Although, in theory, liver injury in COVID-19 patients is possible, the actual prevalence and extent of liver damage in these patients remain poorly understood. This is primarily because most published COVID-19 studies are small-sized, often lack adjustment for baseline chronic liver disease (CLD), and have inconsistent definitions of “liver injury”. In this meta-analysis, we aim to provide well-powered and generalizable estimates of the prevalence of liver injury in COVID-19 patients while making sure to keep the definition of “liver injury” consistent. We also seek to assess whether the prevalence of liver injury in COVID-19 patients is significantly different from the prevalence of baseline CLD in these patients. A secondary aim of this study is to assess for any significant differences in serum biomarkers of liver injury (alanine transaminase [ALT], aspartate transaminase [AST], total bilirubin, and albumin) in patients with severe versus non-severe COVID-19.
Materials and methods
This meta-analysis was conducted according to the Preferred Reporting Items for Systemic Reviews and Meta-Analyses (PRISMA) guidelines [5].
Literature search
PubMed and Scopus were searched from the inception of databases till June 18, 2020, using the following search string: (“novel coronavirus” OR “2019‐nCoV” OR “severe acute respiratory syndrome coronavirus 2” OR “SARS-CoV-2” OR “coronavirus disease 2019” OR “COVID-19”) AND (“Aspartate Aminotransferases” OR “SGOT” OR “Alanine Transaminase” OR “Alanine aminotransferase” OR “SGPT” OR “Albumin” OR “Bilirubin” OR “Liver”) AND (“hepatic injury” OR “liver injury” OR “liver damage” OR “liver abnormality”). Google Scholar was also searched for grey literature. No language and time restrictions were set. The search strategy for both databases is shown in Table 1.

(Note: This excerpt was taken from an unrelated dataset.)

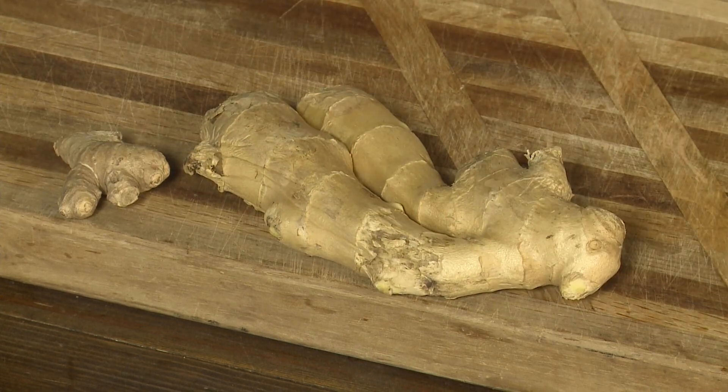Let me tell you why it is shiny. It is shiny because the oils are so full in that ginger — it makes the skin very tight and it makes it shiny. The oils, that's the flavor. That's what you're looking for.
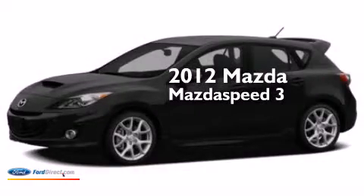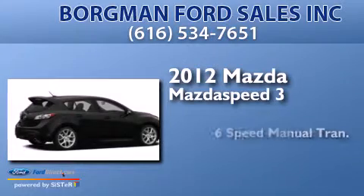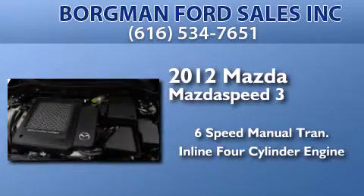This is a 2012 Mazda Speed 3. This hatchback has a six-speed manual transmission and an inline four-cylinder engine.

Table 1. Search strategy for electronic databases.
| Electronic database | Search strategy |
| PubMed | (((((("novel coronavirus"[All Fields] OR "2019-nCoV"[All Fields]) OR "severe acute respiratory syndrome coronavirus 2"[All Fields]) OR "SARS-CoV-2"[All Fields]) OR "coronavirus disease 2019"[All Fields]) OR "COVID-19"[All Fields]) AND ((((((("Aspartate Aminotransferases"[All Fields] OR "SGOT"[All Fields]) OR "Alanine Transaminase"[All Fields]) OR "Alanine aminotransferase"[All Fields]) OR "SGPT"[All Fields]) OR "Albumin"[All Fields]) OR "Bilirubin"[All Fields]) OR "Liver"[All Fields])) AND ((("hepatic injury"[All Fields] OR "liver injury"[All Fields]) OR "liver damage"[All Fields]) OR "liver abnormality"[All Fields]) |
| Scopus | ( TITLE-ABS-KEY ( "liver injury" OR " liver failure" OR "hepatic damage" OR "liver function abnormality" OR "hepatic abnormality") AND TITLE-ABS-KEY ( "ALT" OR " alanine transaminase" OR "SGPT" ) AND TITLE-ABS-KEY ( "AST" OR " Aspartate transaminase" OR "SGOT" ) AND TITLE-ABS-KEY ( "bilirubin" OR " total bilirubin") AND TITLE-ABS-KEY ( "albumin" OR "serum albumin") AND TITLE-ABS-KEY ( "COVID-19" OR "SARS-CoV-2" OR "coronavirus disease" )) |
Study selection
All the articles were exported to EndNote Reference Library version X4 (Clarivate Analytics, Philadelphia, PA) for screening and removal of duplicates. Studies were narrowed down based on titles and abstracts, and final inclusion was performed after reviewing the full texts of articles. Studies were selected independently by two reviewers, and a third reviewer resolved any conflict regarding inclusion.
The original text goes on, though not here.